:: Given information

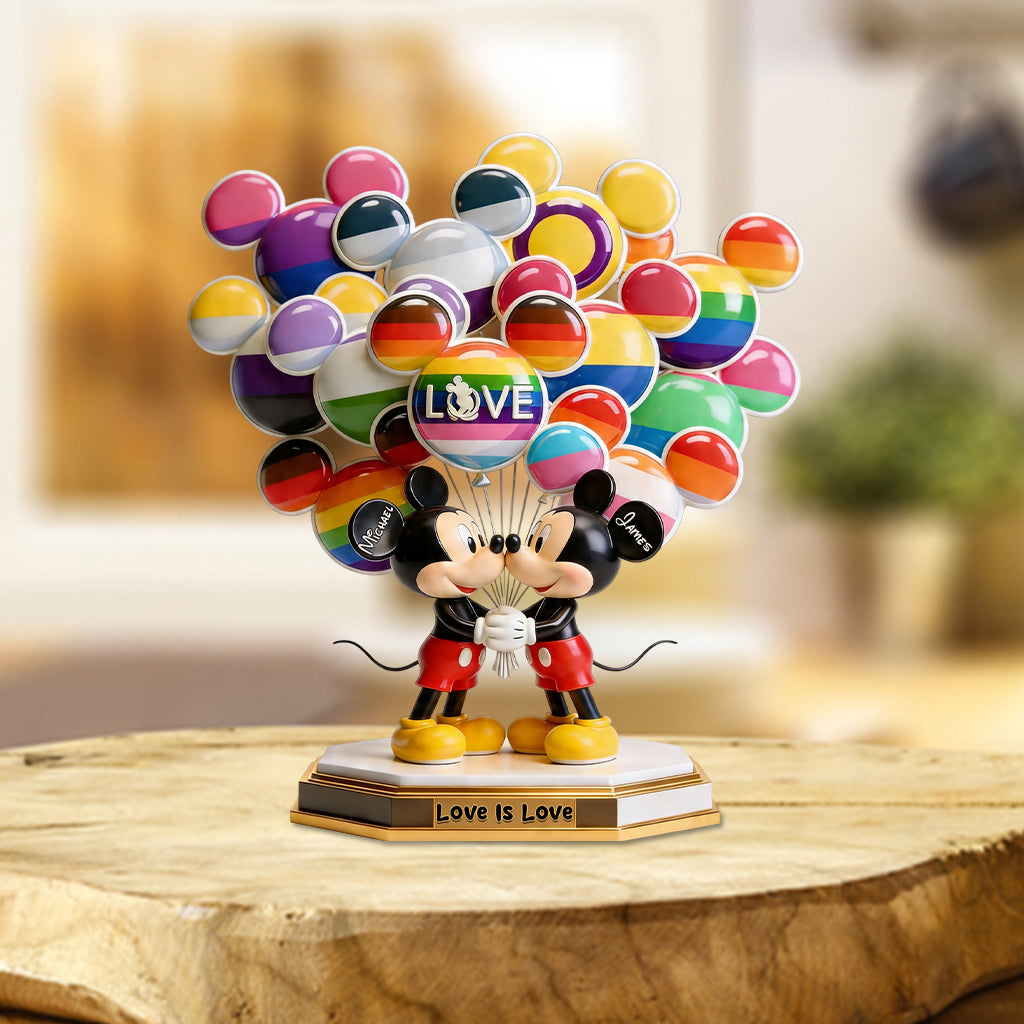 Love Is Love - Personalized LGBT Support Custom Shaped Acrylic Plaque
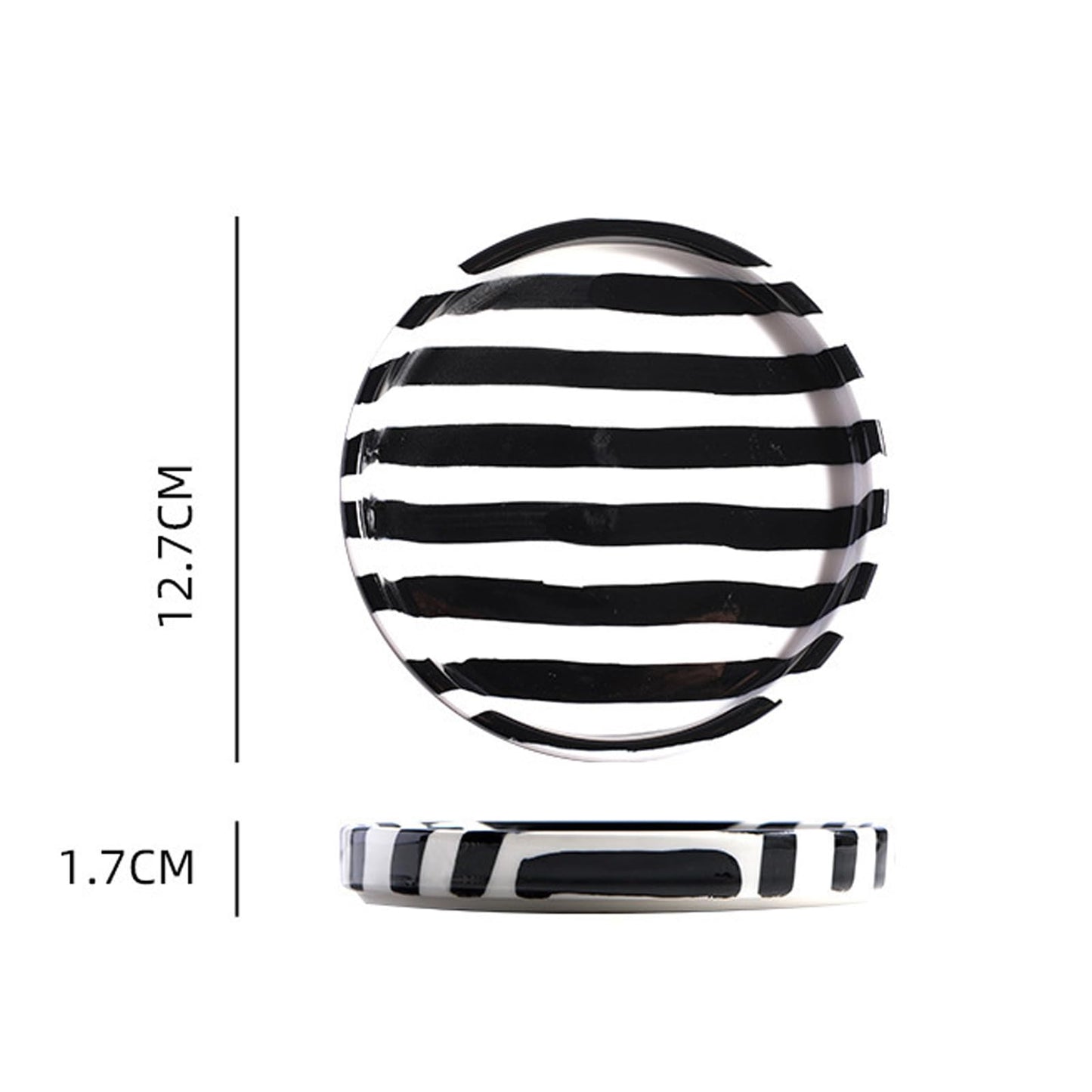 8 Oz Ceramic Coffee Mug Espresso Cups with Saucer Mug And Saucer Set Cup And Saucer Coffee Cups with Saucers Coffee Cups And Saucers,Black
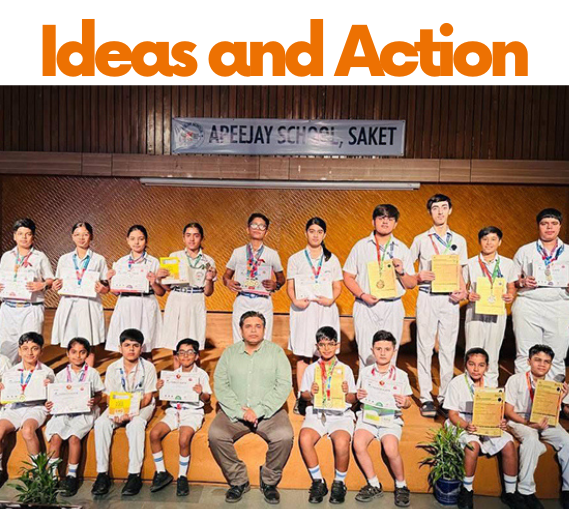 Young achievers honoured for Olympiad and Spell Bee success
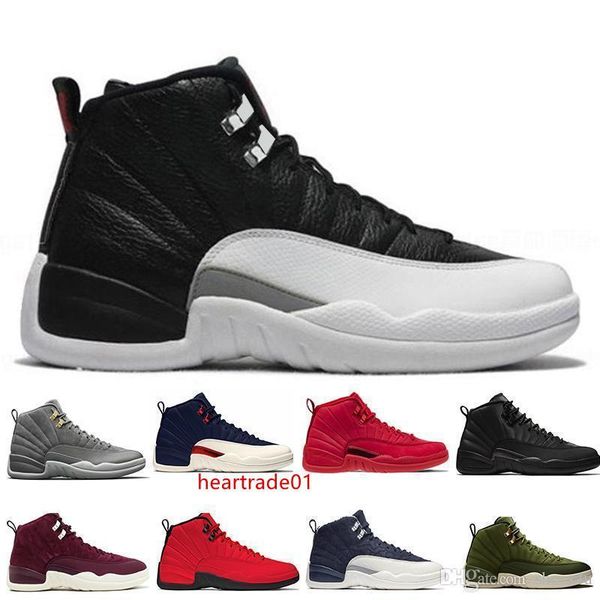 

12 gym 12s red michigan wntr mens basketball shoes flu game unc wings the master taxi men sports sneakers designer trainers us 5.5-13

::::
:: Given information

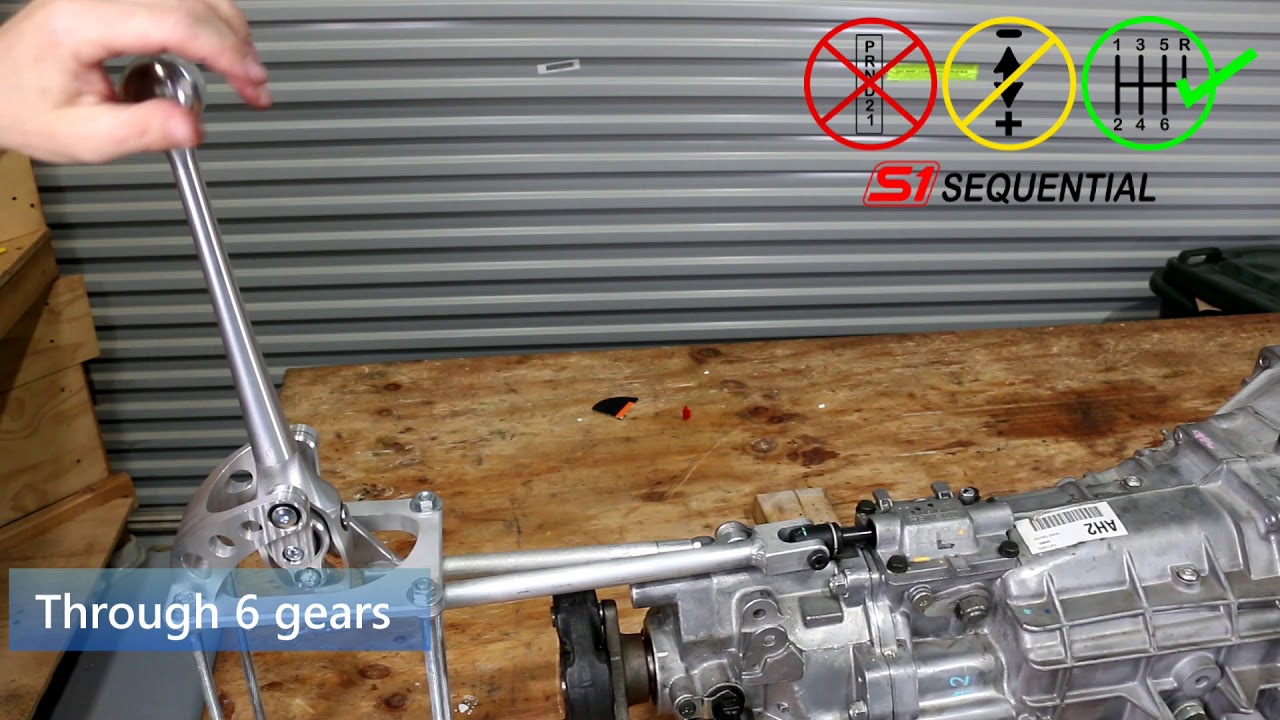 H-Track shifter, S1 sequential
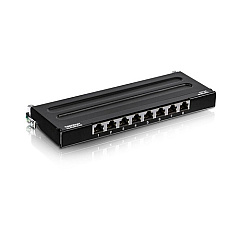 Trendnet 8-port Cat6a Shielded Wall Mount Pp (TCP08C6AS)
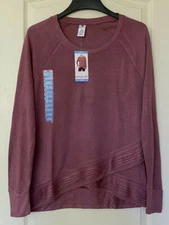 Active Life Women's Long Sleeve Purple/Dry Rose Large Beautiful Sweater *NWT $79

::::
:: Given information

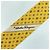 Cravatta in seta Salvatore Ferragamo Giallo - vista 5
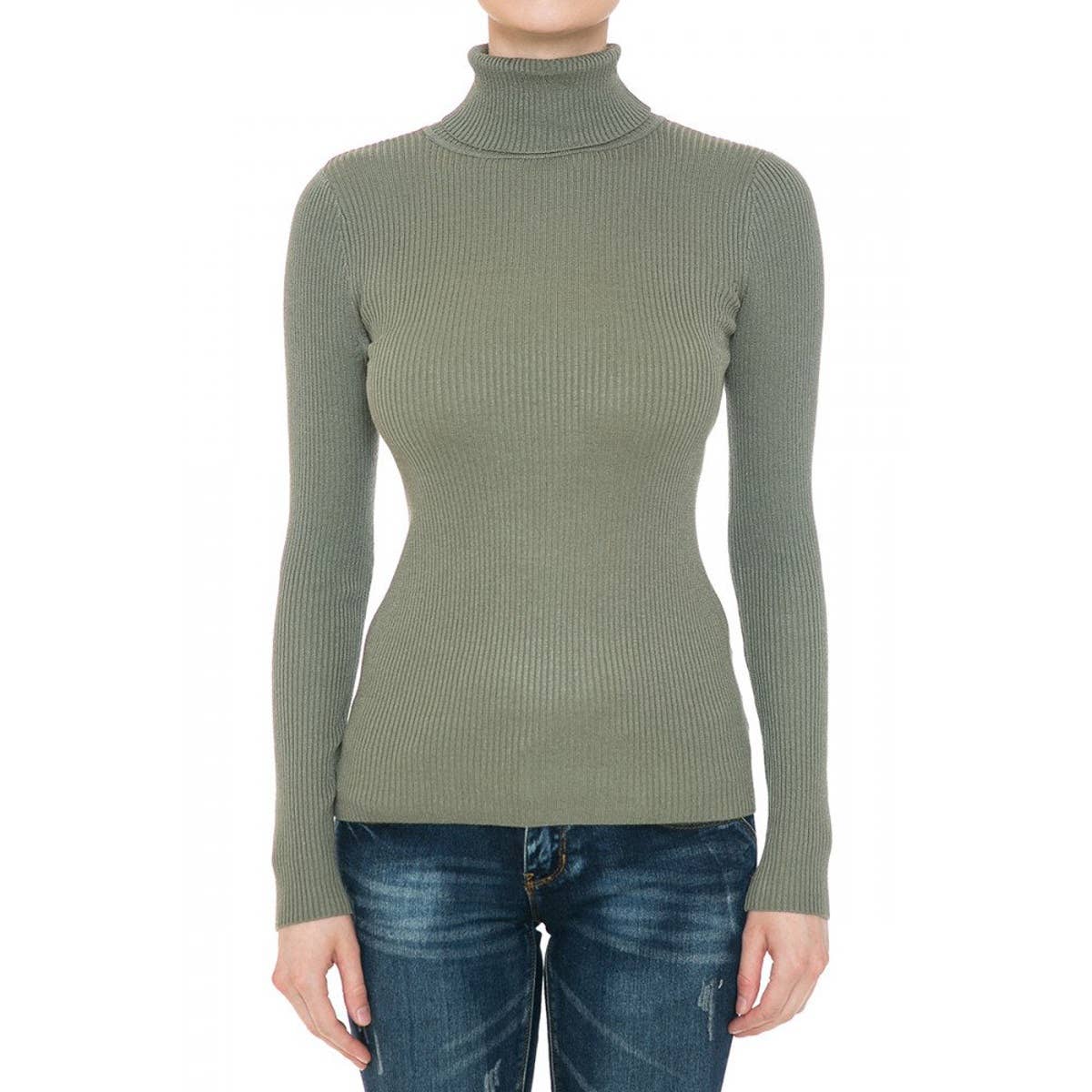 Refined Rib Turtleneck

::::

> [Task to complete] The material above holds pictures; leave them out. Repeat exactly the lines from the one containing "Love Is Love" through the one containing "Young achievers honoured", and nothing else.

> [Solution for this task]
 Love Is Love - Personalized LGBT Support Custom Shaped Acrylic Plaque
 8 Oz Ceramic Coffee Mug Espresso Cups with Saucer Mug And Saucer Set Cup And Saucer Coffee Cups with Saucers Coffee Cups And Saucers,Black
 Young achievers honoured for Olympiad and Spell Bee success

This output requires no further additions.